1. チェスタトン『木曜の男』(1905)
2. 夢野久作『ドグラ・マグラ』(1935)
3. ジャン・レイ『マルペルチュイ』(1943)
4. グレアム・グリーン『情事の終わり』(1951)
5. ピエール・ブール『猿の惑星』(1963)
6. 三島由紀夫『豊饒の海』四部作(1969-71)
7. 乾くるみ『リピート』(2004)


以下一言コメント。

1. 昔の創元推理文庫ではハテナおじさんマークで出ていた。

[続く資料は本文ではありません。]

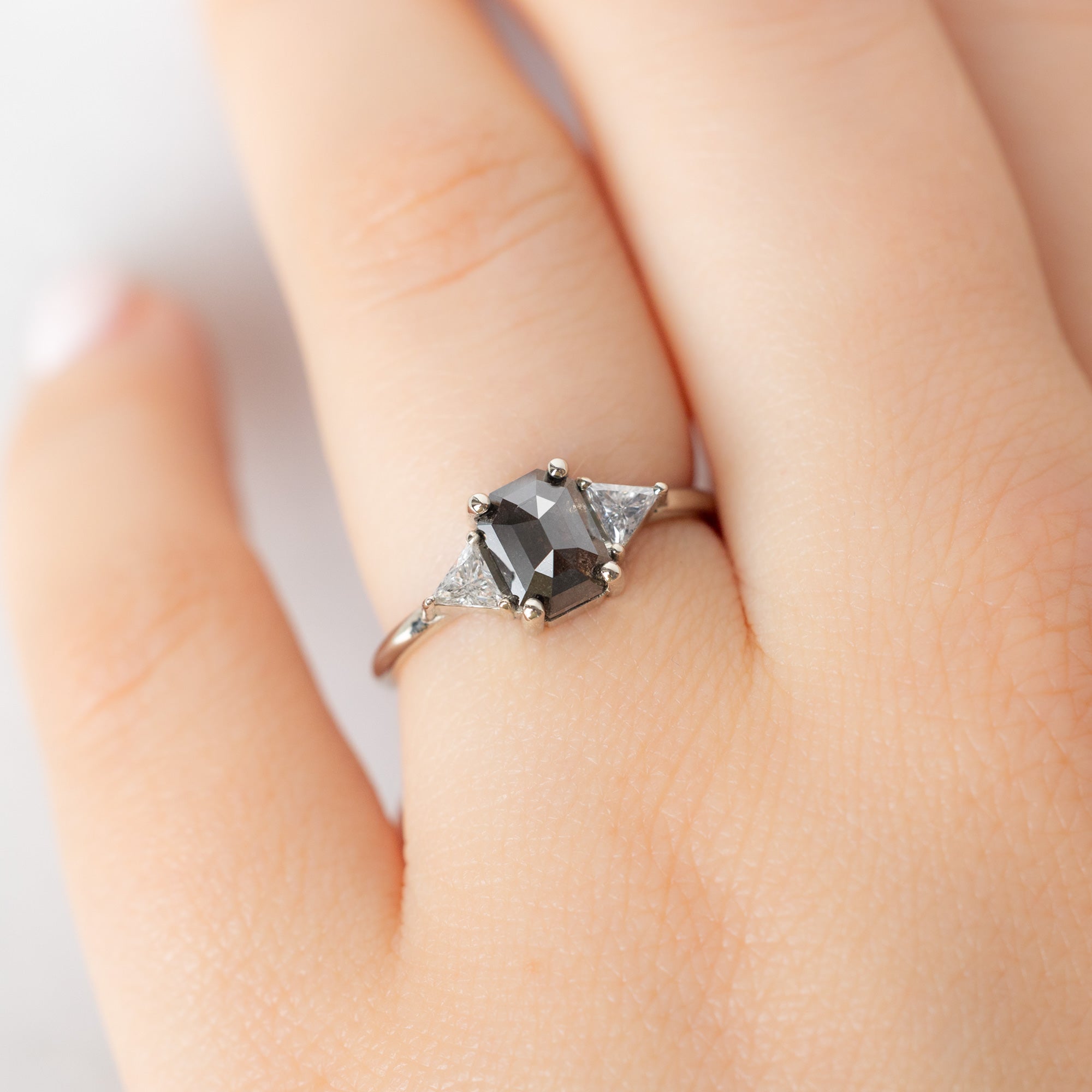 Alexis Russell Engagement Rings The Jade Ring | 1.26ct Emerald Cut Black Diamond in 14K White Gold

これは詐欺ではあるまいか。
2. 中盤で発せられる「どうだ、読んでしまったか」の一言の衝撃。発狂者続出というのも肯ける。
3. なんだこれは。いったい作者は何を考えているのだ。
4. 前半はパトリシア・ハイスミスみたいな変態すれすれの愛の物語。後半で一挙に幻想小説に化す。神話と宗教の差こそあれ殊能将之の『黒い仏』に一脈通じる怪作。こういうシリアスな文学は苦手なので読み方が間違っているかもしれないが……
5. 映画版とは結末が違って二段落ち。ウルトラQでいえばカネゴン風の終わり方である。出口なし。
6. 今まで築いてきた伽藍を紙屑みたいに丸めて捨てる暴挙。読まなきゃよかったと読後鬱になった。
7. いわゆる新本格以降のミステリから一作。運命というものを考えさせられた。